44.0 49.6 62.3 28.4 39.1 39.8 60.5 73.0 57.5
56.0 56.2 57.7 73.5 66.4 32.7 40.4 21.4
4.22

Explanation:

Step1: Calculate the mean

The mean $\bar{x}=\frac{\sum_{i = 1}^{n}x_{i}}{n}$, where $x_{i}$ are the data - points and $n$ is the number of data - points.
First, sum up all the data values: $44.0+49.6 + 62.3+28.4+39.1+39.8+60.5+73.0+57.5+65.0+56.2+57.7+73.5+66.4+32.7+40.4+21.4 = 871.5$.
There are $n = 17$ data - points. So, $\bar{x}=\frac{871.5}{17}\approx51.26$.

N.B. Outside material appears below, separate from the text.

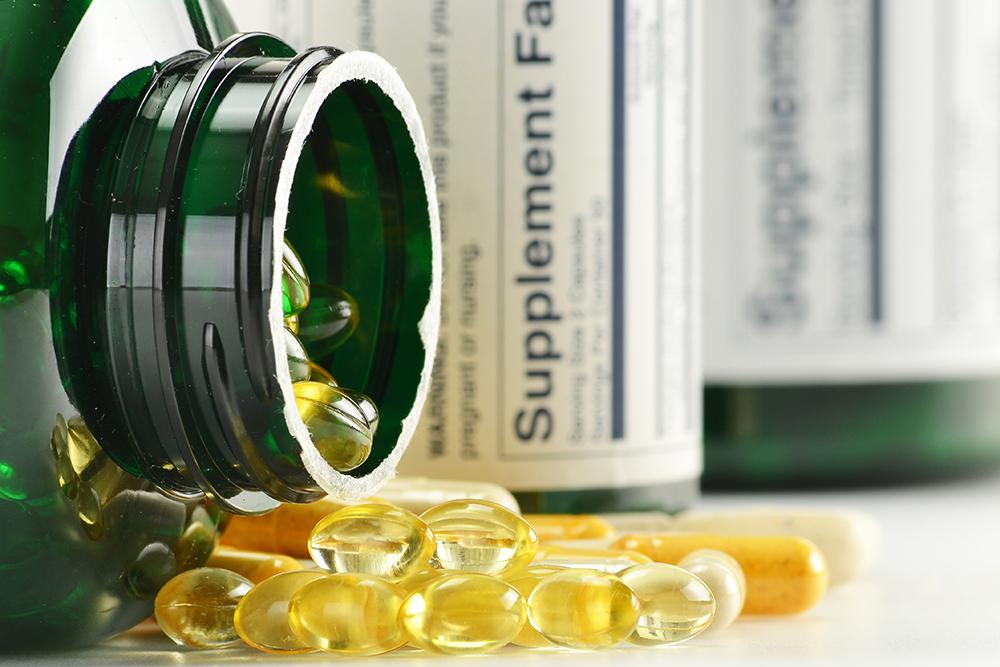 Gel cap supplements pills spilling out of a bottle.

Step2: Calculate the variance

The variance $s^{2}=\frac{\sum_{i = 1}^{n}(x_{i}-\bar{x})^{2}}{n - 1}$.
For each data - point $x_{i}$, calculate $(x_{i}-\bar{x})^{2}$:
$(44.0 - 51.26)^{2}=(-7.26)^{2}=52.7076$, $(49.6 - 51.26)^{2}=(-1.66)^{2}=2.7556$, etc.
Sum up these values: $\sum_{i = 1}^{n}(x_{i}-\bar{x})^{2}=2174.97$.
Then, $s^{2}=\frac{2174.97}{16}\approx135.94$.

Step3: Calculate the standard deviation

The standard deviation $s=\sqrt{s^{2}}$. So, $s=\sqrt{135.94}\approx11.66$.

Step4: Interpretation of the mean

The mean of approximately $51.26$ ml represents the average amount of alcohol poured by the individuals into the tall, slender glass.

Step5: Interpretation of the standard deviation

The standard deviation of approximately $11.66$ ml measures the amount of variation or dispersion in the amounts of alcohol poured. A relatively large standard deviation indicates that there is a wide spread in the amounts of alcohol that different individuals poured.

Answer:

Mean: $\approx51.26$ ml; Standard deviation: $\approx11.66$ ml. The mean represents the average amount of alcohol poured, and the standard deviation represents the amount of variation in the amounts poured.